Capt. Joe Eldred on Being a Force for Good

During Episcopal's annual Veterans Day Chapel, faculty member, Capt. Joe Eldred addressed the student body. He reminded students to be a force for good, and encouraged them to live a life of service. Below are his remarks: 

This Friday, November 11, is Veterans Day – a day in the United States in which we recognize those who have served in the military. The tenth grade World History students are currently doing a wonderful job studying WWI, so they know that November 11 is an important historical date because the WWI armistice was effective at the 11th hour of the 11th day of the 11th month of 1918. 

Right, my tenth-grade scholars?

When I was on active duty in the U.S. Navy, my mom loved telling her friends that I was “in the service.” From the day I was commissioned as a Naval officer back in 1992, she never said “my son is in the Navy” or “my son is in the military” — it was always “my son is in the service.”  

I loved my mom, but for the longest time I never really liked her use of that old-fashioned phrase to describe what I was doing in the Navy.

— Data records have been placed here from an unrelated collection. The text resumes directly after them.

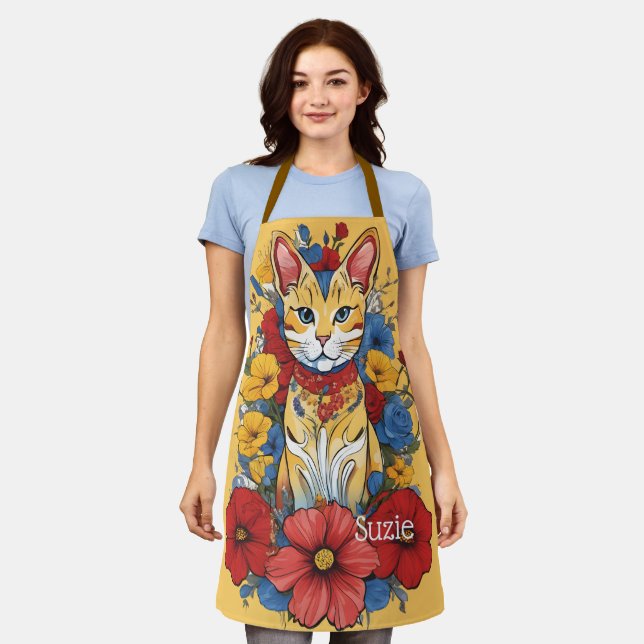 Tablier Appartement de chats floral moderne, Motif de desi (Porté)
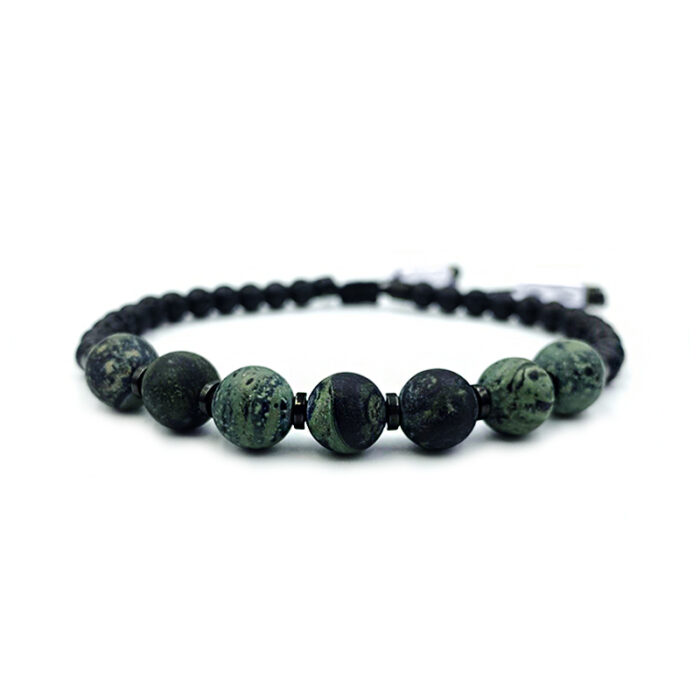 Χειροποίητο ανδρικό βραχιόλι macrame Πράσινος Ίασπις , Λάβα και Αιματίτης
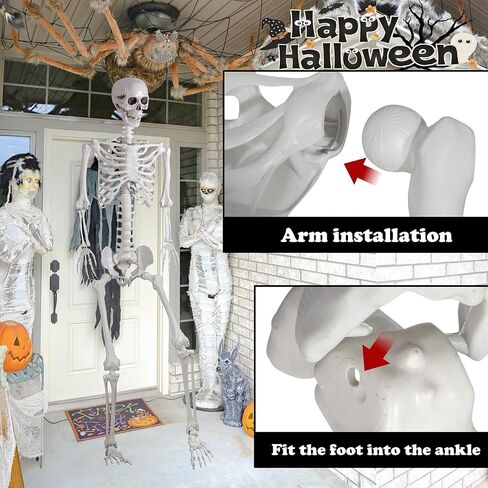 XONOR 16" Posable Halloween Skeleton- Full Body Halloween Skeleton with Movable Joints for Haunted House Props Decorations (10pcs) in Kuwait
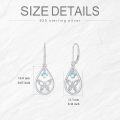 wholesale 925 Sterling Silver Celtic Knot Teardrop Drop Earrings with Blue Moonstone-0-2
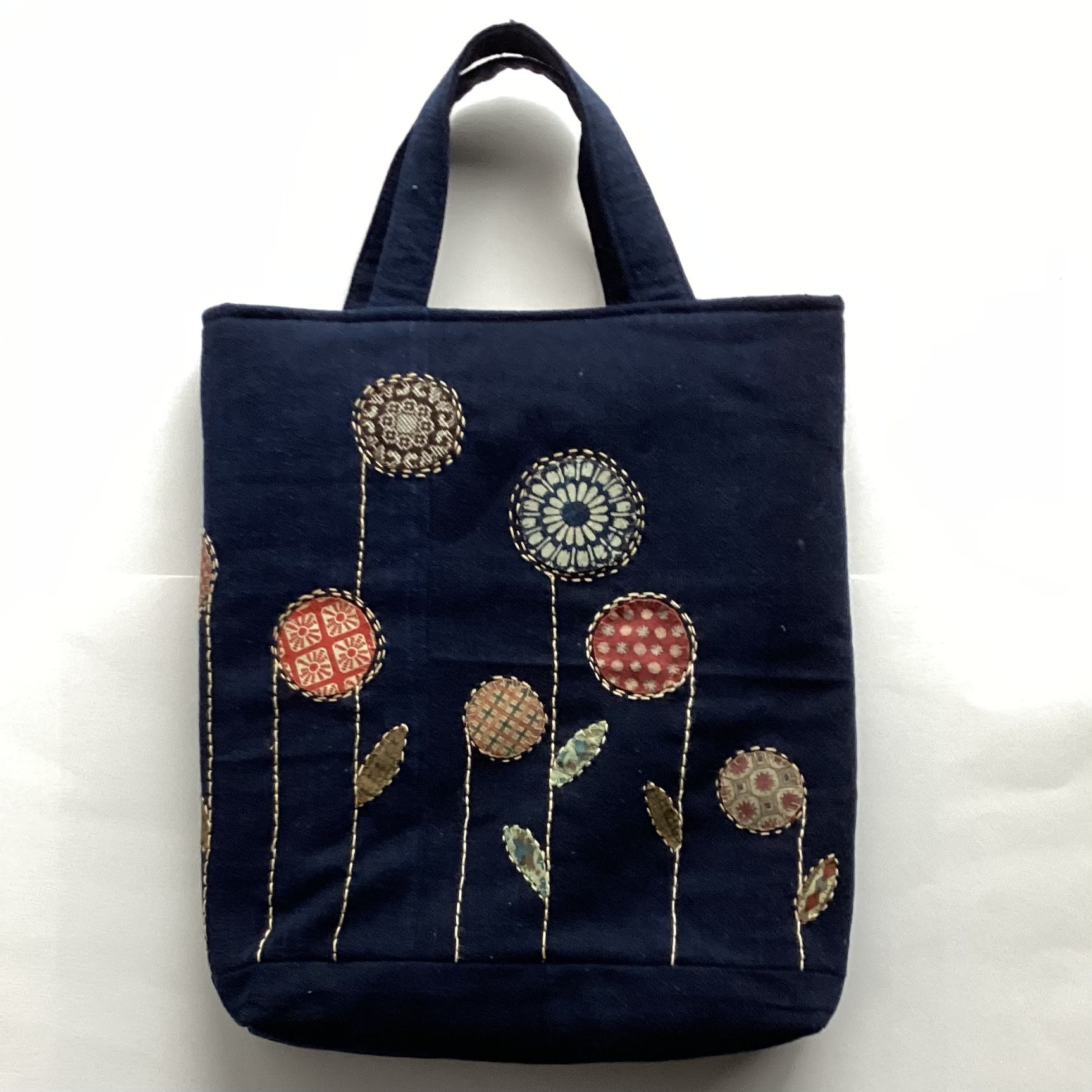 藍色刺し子のトートバッグ ☆新作 藍色ドット刺し子トードバッグ ボタンが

What was I doing in the Navy?  When I was a brand new junior officer fresh out of college at 22 years old, I was assigned for three years to a Navy warship named the USS Merrill. The Merrill was a type of ship called a destroyer — home to 350 sailors, about 520 feet long, weighed about 8200 tons, could go about 30 knots (which is around 30 miles an hour) — and when we hit rough weather and big waves, the Merrill would bounce around in the water like a ping pong ball.

But I eventually got my “sea legs,” which means my body got used to the ship’s rocking and rolling on the heavy waves, and I qualified to stand watch on the ship’s bridge as “Officer of the Deck.” This meant the ship’s captain trusted me to be in charge of the USS Merrill in the middle of the night when he was sound asleep.

I still remember the first time I stood the “Officer of the Deck” watch by myself at 2 a.m., pitch black outside, pouring rain, heavy seas, wondering if I was really ready to do this all alone… 

Except I wasn’t alone. I had many teammates who were also standing watch throughout USS Merrill — everyone working together to make sure we kept the ship and our shipmates safe out there in the middle of the Pacific Ocean, far from home.

That’s what I miss most about the Navy: the people I served with, from literally all walks of life, from all over the U.S., and from all over the world. If you have ever been part of a team at EHS — athletics, theater, robotics – then you know what a great feeling it is to be with a group of people united toward a common goal, a common mission, and a common purpose.

I loved that feeling in the Navy of serving with a group of dedicated people united in a common mission to do our small part to keep our country safe. I loved that feeling so much that I ended up serving on active duty for 27 years. Looking back now, the years seemed to go by in the blink of an eye.

But back to my mom and her use of the phrase “in the service.” The reason I am standing before you today is because my mom also led a life of service; specifically, as a teacher at St. Thomas More School in Chapel Hill for 30 years. She was on her school’s Easter Break when she passed away very unexpectedly on Easter Sunday in 2016. 

At her funeral, hundreds of my mom’s current and former students showed up and told me about the positive impact she made on their lives in her service as a teacher, mentor, and friend. Those words made such an impact on me that when it was time to retire from the Navy, I decided to first try to follow in my mom’s footsteps as a teacher. Thank you, EHS, for giving me the opportunity to do so.

I think my mom would very much appreciate the EHS Mission Statement, part of which states that EHS prepares young people to “pursue lives of ethical leadership and service.” Service meant so much to her. Serving in the military for the majority of my adult life was the right decision for me, and it just may be the right decision for you too.  A military career can be very challenging, and it can also be incredibly rewarding.   
So on this upcoming Veterans Day, please take a moment to recognize and thank your friends and family who served in the military, whether it was for three years or for 30 years, or somewhere in between. Trust me, they will appreciate your kindness and thoughtfulness. 

But as we recognize those who chose to serve in the Armed Forces, please remember that there are so many different ways to live a life of service and make a difference in the lives of others. Teachers, nurses, doctors, first responders, law enforcement, civil servants, clergy, social workers, coaches, researchers, counselors — the list goes on and on, and we should salute them all.

Students who have taken one of my classes at EHS may recall that at the beginning of each semester we spend some time discussing one of the EHS Core Beliefs: “We are all part of something greater than ourselves with the capacity and responsibility to be a force for good in the lives of others.”

Friends, that’s the very definition of service: “We are all part of something greater than ourselves with the capacity and responsibility to be a force for good in the lives of others.”

And so I will end this Chapel Talk with a Veterans Day challenge to the current EHS scholars: How will you be a force for good in the lives of others, both here on The Holy Hill and beyond? You have the capacity. You have the responsibility. How will you live a life of service?

I salute you as you continue your journey, and I love you all. Thank you and God Bless The High School.